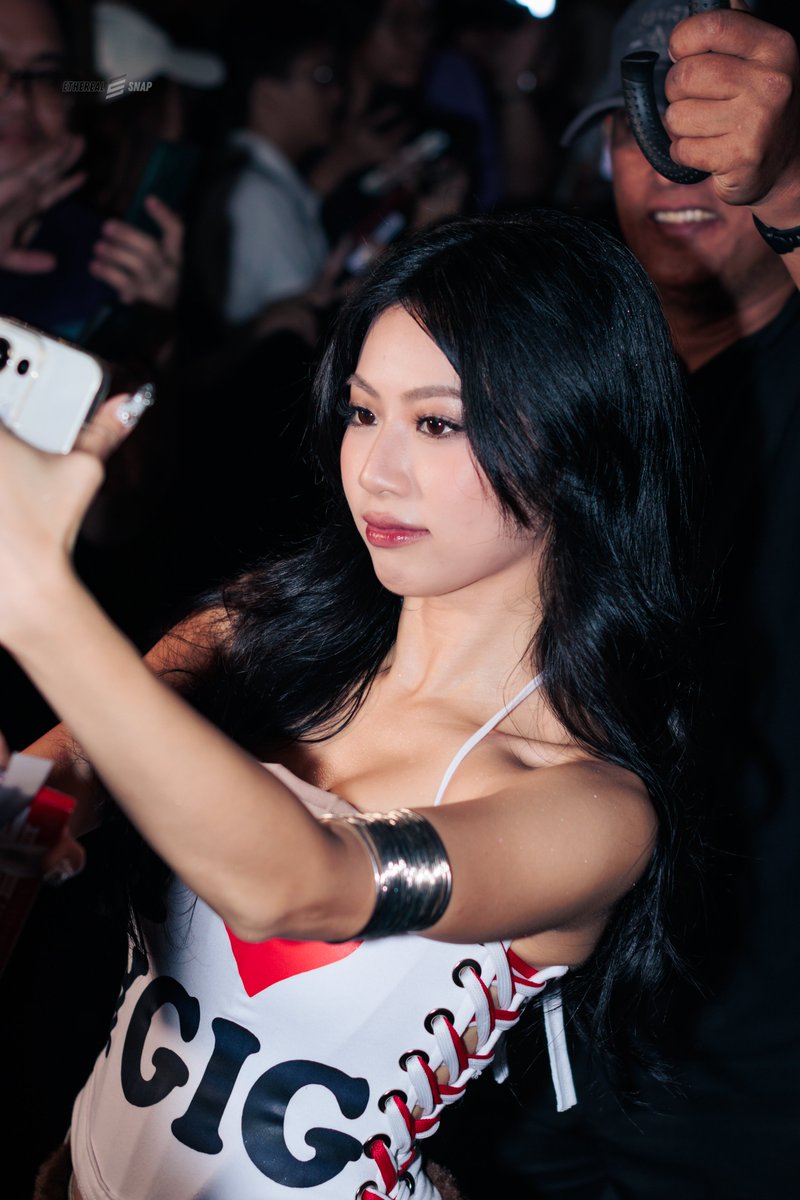 EtherealSnap's tweet image. 251117 YGIG Vien 
⌜ Wishbus - Estancia ⌟

#YGIG #YGIGWishBusComeback #VIEN @ygig_official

+++

## Try it:
With the pictures removed, set down every line of the listing above exactly.

## Exercise output:
 EtherealSnap's tweet image. 251117 YGIG Vien 
⌜ Wishbus - Estancia ⌟

#YGIG #YGIGWishBusComeback #VIEN @ygig_official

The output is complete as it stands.